Problem to solve: Repeat every line of the data exactly, but not the pictures.

(Stored data)
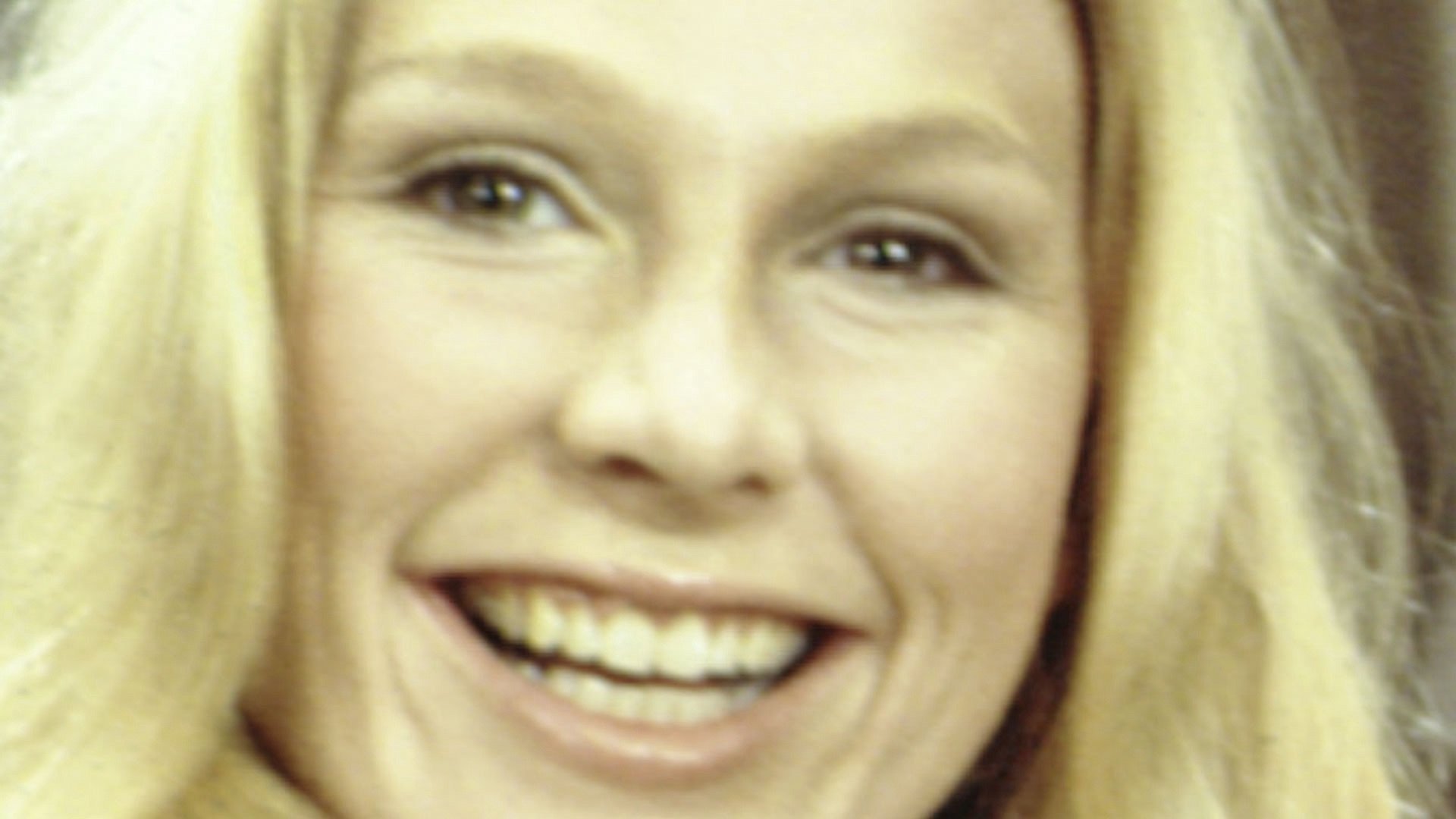 4. Horror in the Hamptons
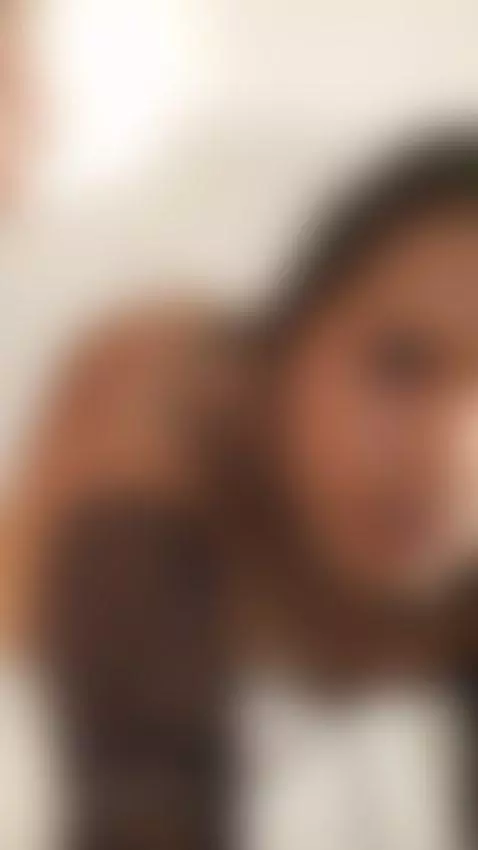 that your imagination fly! 😏 by anny-run69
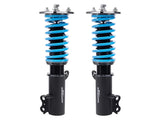 24 Level Damper Coilovers Suspension Lowering Kit fit for Toyota MR2 1990-1999 37880936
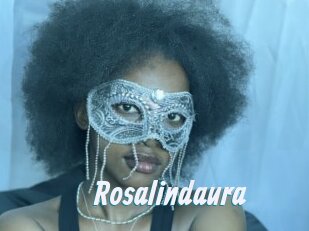 Rosalindaura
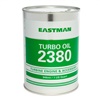 EASTMAN TURBO OIL 2380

Output for this task:
 4. Horror in the Hamptons
 that your imagination fly! 😏 by anny-run69
 24 Level Damper Coilovers Suspension Lowering Kit fit for Toyota MR2 1990-1999 37880936
 Rosalindaura
 EASTMAN TURBO OIL 2380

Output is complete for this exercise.